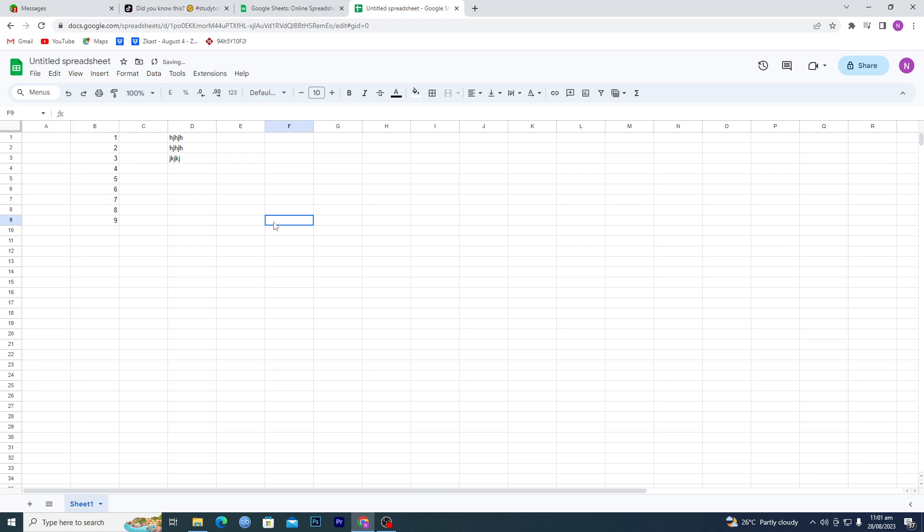Now let's suppose that you want to share this sheet with someone else but you don't want them to edit this column. They can edit this column but you don't want them to edit this column D here.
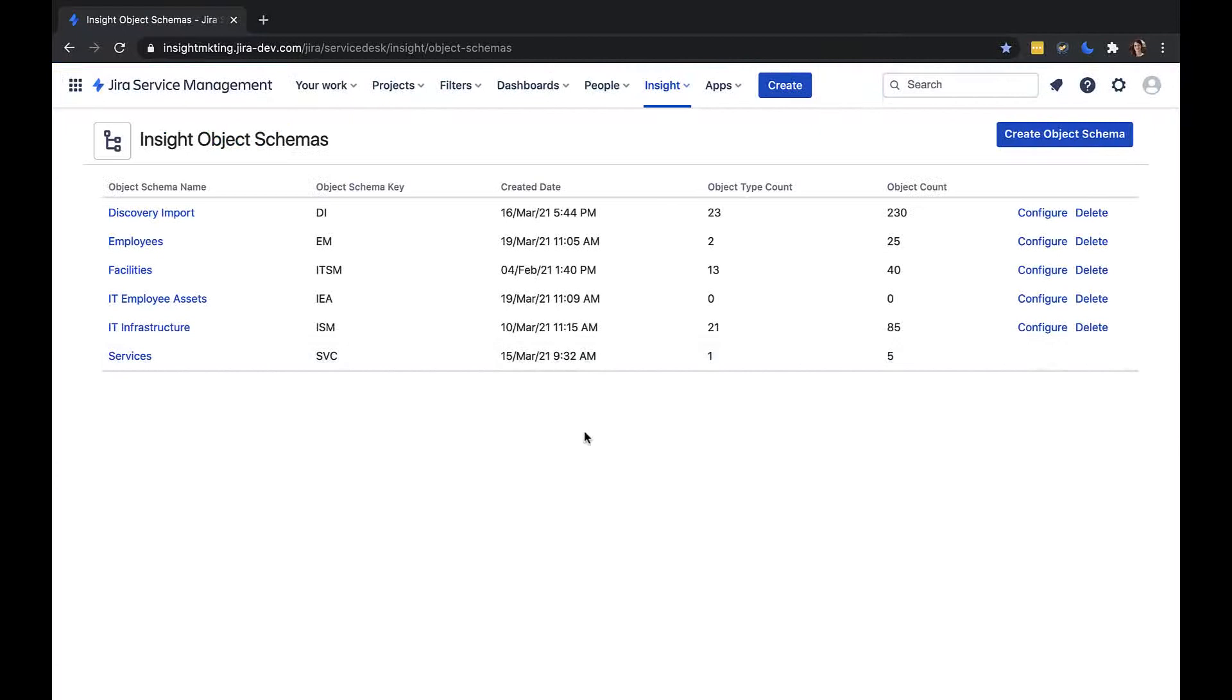Now you know how to create an object schema. In the next videos, I'll show you how to add objects to a schema.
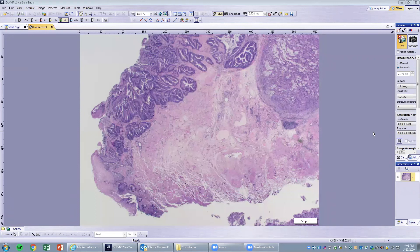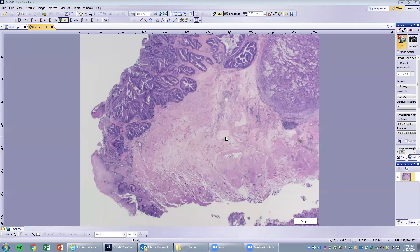This is the last case — an endoscopic mucosal resection, or EMR, where a nodule was found in a patient with a history of Barrett's and they were trying to endoscopically remove the nodule. You have squamous epithelium, muscularis mucosa, and very limited submucosa with large lymphatics and blood vessels.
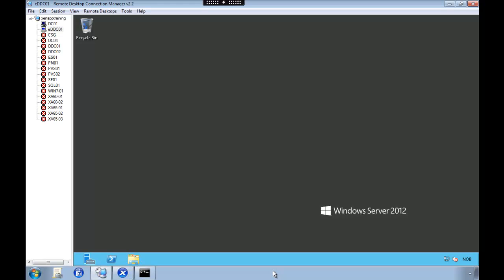In this video I'm going to show you how to install the new Citrix Project Excalibur on our Windows Server 2012.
□ □ □
* **Instructions for the task**
Word for word, repeat the data above with the pictures left out.

* **Finished exercise**
Now let's suppose that you want to share this sheet with someone else but you don't want them to edit this column. They can edit this column but you don't want them to edit this column D here.
Now you know how to create an object schema. In the next videos, I'll show you how to add objects to a schema.
This is the last case — an endoscopic mucosal resection, or EMR, where a nodule was found in a patient with a history of Barrett's and they were trying to endoscopically remove the nodule. You have squamous epithelium, muscularis mucosa, and very limited submucosa with large lymphatics and blood vessels.
In this video I'm going to show you how to install the new Citrix Project Excalibur on our Windows Server 2012.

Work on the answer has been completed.